Retype all of the lines below with no changes.

Working data Block Start

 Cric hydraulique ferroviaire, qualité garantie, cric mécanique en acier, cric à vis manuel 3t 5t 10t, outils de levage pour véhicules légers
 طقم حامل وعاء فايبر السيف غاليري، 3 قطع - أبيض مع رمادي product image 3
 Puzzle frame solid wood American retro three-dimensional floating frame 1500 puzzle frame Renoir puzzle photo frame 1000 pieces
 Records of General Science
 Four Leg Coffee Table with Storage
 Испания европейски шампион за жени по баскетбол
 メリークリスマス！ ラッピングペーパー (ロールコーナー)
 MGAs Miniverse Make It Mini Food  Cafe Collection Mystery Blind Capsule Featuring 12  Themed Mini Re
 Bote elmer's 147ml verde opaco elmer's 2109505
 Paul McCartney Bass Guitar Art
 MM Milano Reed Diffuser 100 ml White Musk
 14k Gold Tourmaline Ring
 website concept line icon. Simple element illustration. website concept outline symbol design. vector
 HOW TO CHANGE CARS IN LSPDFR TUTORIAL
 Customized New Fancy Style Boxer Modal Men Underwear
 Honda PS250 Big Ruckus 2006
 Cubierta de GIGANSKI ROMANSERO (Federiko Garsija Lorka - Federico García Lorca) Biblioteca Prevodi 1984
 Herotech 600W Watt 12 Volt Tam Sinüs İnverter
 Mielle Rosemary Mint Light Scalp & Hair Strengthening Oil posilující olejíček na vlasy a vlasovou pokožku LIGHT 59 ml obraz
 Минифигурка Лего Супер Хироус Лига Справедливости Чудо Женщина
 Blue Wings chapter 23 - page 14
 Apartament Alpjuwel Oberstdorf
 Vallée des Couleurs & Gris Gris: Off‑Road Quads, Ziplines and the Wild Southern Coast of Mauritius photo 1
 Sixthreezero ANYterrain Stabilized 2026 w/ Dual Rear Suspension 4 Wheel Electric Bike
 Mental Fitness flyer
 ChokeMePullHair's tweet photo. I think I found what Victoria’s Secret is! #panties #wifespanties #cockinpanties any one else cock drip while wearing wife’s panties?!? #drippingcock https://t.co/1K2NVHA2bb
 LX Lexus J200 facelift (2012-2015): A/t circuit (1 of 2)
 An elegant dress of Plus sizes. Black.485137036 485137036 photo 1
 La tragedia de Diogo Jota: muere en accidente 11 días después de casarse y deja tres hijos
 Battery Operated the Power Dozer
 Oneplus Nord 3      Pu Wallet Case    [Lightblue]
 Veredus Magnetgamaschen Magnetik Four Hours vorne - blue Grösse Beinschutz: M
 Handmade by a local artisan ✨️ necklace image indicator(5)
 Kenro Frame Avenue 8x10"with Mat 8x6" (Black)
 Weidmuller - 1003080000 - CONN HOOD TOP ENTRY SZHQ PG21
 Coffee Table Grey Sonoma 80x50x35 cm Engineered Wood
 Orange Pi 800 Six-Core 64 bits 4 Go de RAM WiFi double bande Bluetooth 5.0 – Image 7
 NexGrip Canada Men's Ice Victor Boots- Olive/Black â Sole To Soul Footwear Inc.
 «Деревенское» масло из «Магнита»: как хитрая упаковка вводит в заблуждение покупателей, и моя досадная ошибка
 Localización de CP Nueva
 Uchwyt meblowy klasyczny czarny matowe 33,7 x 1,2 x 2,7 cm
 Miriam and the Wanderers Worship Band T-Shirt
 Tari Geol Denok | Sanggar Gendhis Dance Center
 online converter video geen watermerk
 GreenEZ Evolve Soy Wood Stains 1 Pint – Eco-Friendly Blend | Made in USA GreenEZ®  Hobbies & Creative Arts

Working data Block End

_Output for this task_:
 Cric hydraulique ferroviaire, qualité garantie, cric mécanique en acier, cric à vis manuel 3t 5t 10t, outils de levage pour véhicules légers
 طقم حامل وعاء فايبر السيف غاليري، 3 قطع - أبيض مع رمادي product image 3
 Puzzle frame solid wood American retro three-dimensional floating frame 1500 puzzle frame Renoir puzzle photo frame 1000 pieces
 Records of General Science
 Four Leg Coffee Table with Storage
 Испания европейски шампион за жени по баскетбол
 メリークリスマス！ ラッピングペーパー (ロールコーナー)
 MGAs Miniverse Make It Mini Food  Cafe Collection Mystery Blind Capsule Featuring 12  Themed Mini Re
 Bote elmer's 147ml verde opaco elmer's 2109505
 Paul McCartney Bass Guitar Art
 MM Milano Reed Diffuser 100 ml White Musk
 14k Gold Tourmaline Ring
 website concept line icon. Simple element illustration. website concept outline symbol design. vector
 HOW TO CHANGE CARS IN LSPDFR TUTORIAL
 Customized New Fancy Style Boxer Modal Men Underwear
 Honda PS250 Big Ruckus 2006
 Cubierta de GIGANSKI ROMANSERO (Federiko Garsija Lorka - Federico García Lorca) Biblioteca Prevodi 1984
 Herotech 600W Watt 12 Volt Tam Sinüs İnverter
 Mielle Rosemary Mint Light Scalp & Hair Strengthening Oil posilující olejíček na vlasy a vlasovou pokožku LIGHT 59 ml obraz
 Минифигурка Лего Супер Хироус Лига Справедливости Чудо Женщина
 Blue Wings chapter 23 - page 14
 Apartament Alpjuwel Oberstdorf
 Vallée des Couleurs & Gris Gris: Off‑Road Quads, Ziplines and the Wild Southern Coast of Mauritius photo 1
 Sixthreezero ANYterrain Stabilized 2026 w/ Dual Rear Suspension 4 Wheel Electric Bike
 Mental Fitness flyer
 ChokeMePullHair's tweet photo. I think I found what Victoria’s Secret is! #panties #wifespanties #cockinpanties any one else cock drip while wearing wife’s panties?!? #drippingcock https://t.co/1K2NVHA2bb
 LX Lexus J200 facelift (2012-2015): A/t circuit (1 of 2)
 An elegant dress of Plus sizes. Black.485137036 485137036 photo 1
 La tragedia de Diogo Jota: muere en accidente 11 días después de casarse y deja tres hijos
 Battery Operated the Power Dozer
 Oneplus Nord 3      Pu Wallet Case    [Lightblue]
 Veredus Magnetgamaschen Magnetik Four Hours vorne - blue Grösse Beinschutz: M
 Handmade by a local artisan ✨️ necklace image indicator(5)
 Kenro Frame Avenue 8x10"with Mat 8x6" (Black)
 Weidmuller - 1003080000 - CONN HOOD TOP ENTRY SZHQ PG21
 Coffee Table Grey Sonoma 80x50x35 cm Engineered Wood
 Orange Pi 800 Six-Core 64 bits 4 Go de RAM WiFi double bande Bluetooth 5.0 – Image 7
 NexGrip Canada Men's Ice Victor Boots- Olive/Black â Sole To Soul Footwear Inc.
 «Деревенское» масло из «Магнита»: как хитрая упаковка вводит в заблуждение покупателей, и моя досадная ошибка
 Localización de CP Nueva
 Uchwyt meblowy klasyczny czarny matowe 33,7 x 1,2 x 2,7 cm
 Miriam and the Wanderers Worship Band T-Shirt
 Tari Geol Denok | Sanggar Gendhis Dance Center
 online converter video geen watermerk
 GreenEZ Evolve Soy Wood Stains 1 Pint – Eco-Friendly Blend | Made in USA GreenEZ®  Hobbies & Creative Arts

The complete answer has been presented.